The result is a smaller model that has encoded domain knowledge through self-supervised learning on the raw documents and has learned reasoning patterns through supervised learning on the synthesized traces. The inference cost drops by orders of magnitude, while the capability remains competitive.

The quality of the output depends on the quality of the generation, which depends on the quality of the source model and the selection of domain data. There is an ongoing loop of human curation and automated generation. But this is the most practical path for labs that cannot afford to train large models from scratch or fine-tune them at full precision.

Why Companies Fear Model Distillation

All of this explains why major model providers publicly resist distillation. When a small lab distills a strong open model's capabilities into a smaller, domain-specific model, the resulting system can deliver comparable performance at a fraction of the inference cost. If enough labs do this at scale, the demand for the original model's API decreases. The economic advantage of proprietary models erodes.

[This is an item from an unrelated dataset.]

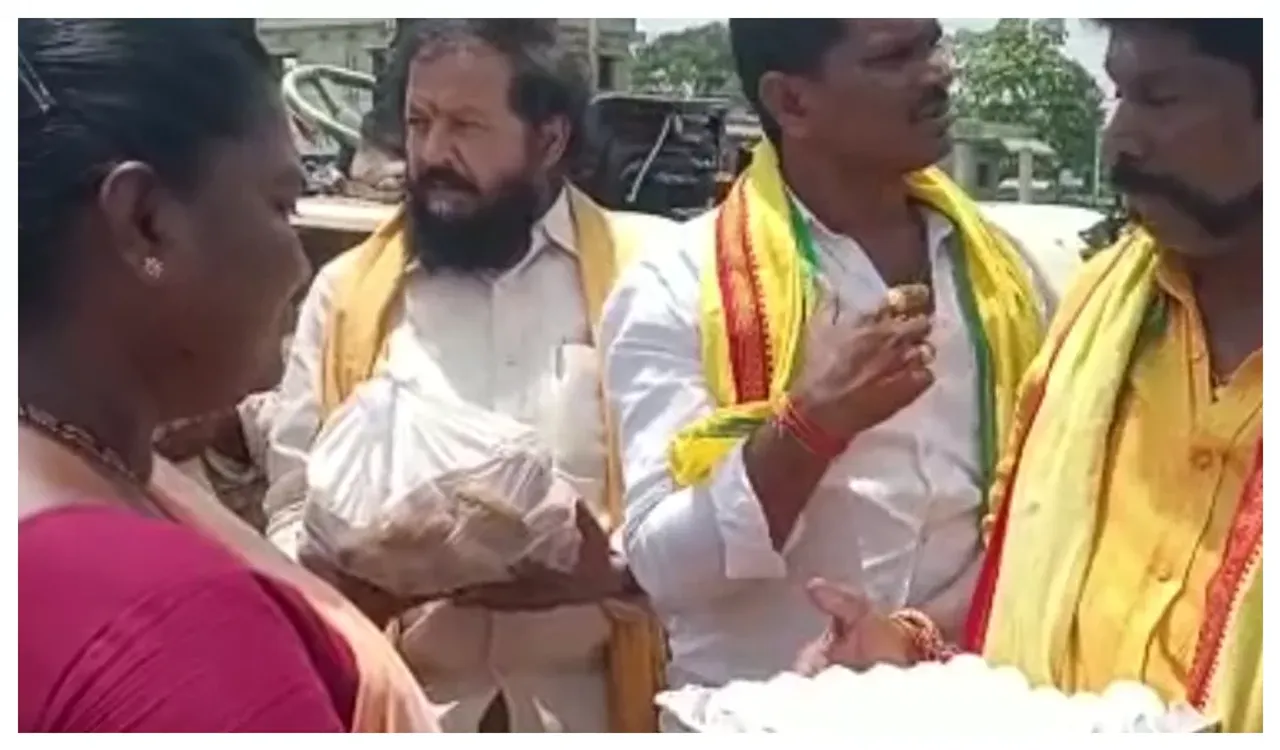 వరద బాధితులను పట్టించుకోరా..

The companies' position is understandable from a business perspective. But from a technical perspective, distillation is simply the most efficient way to transfer knowledge between models of different capacities. Whether it should be restricted is a policy question. Whether it is inevitable is not.

Conclusion

The landscape of LLM deployment is shifting. Pre-training data has been exhausted. Fine-tuning is becoming less accessible. Reasoning capabilities are fragile under naive fine-tuning. Knowledge graphs and language models remain structurally incompatible despite the value of bridging them. And synthetic data distillation is becoming the dominant path for capacity-constrained researchers.

None of this is a crisis. It is a recalibration. The field is moving from the era of scaling on freely available data to the era of strategic data curation, targeted fine-tuning with careful data mix design, and systematic synthetic data generation. The models that do well in this era will not necessarily be the largest. They will be the ones whose training data is the most carefully constructed.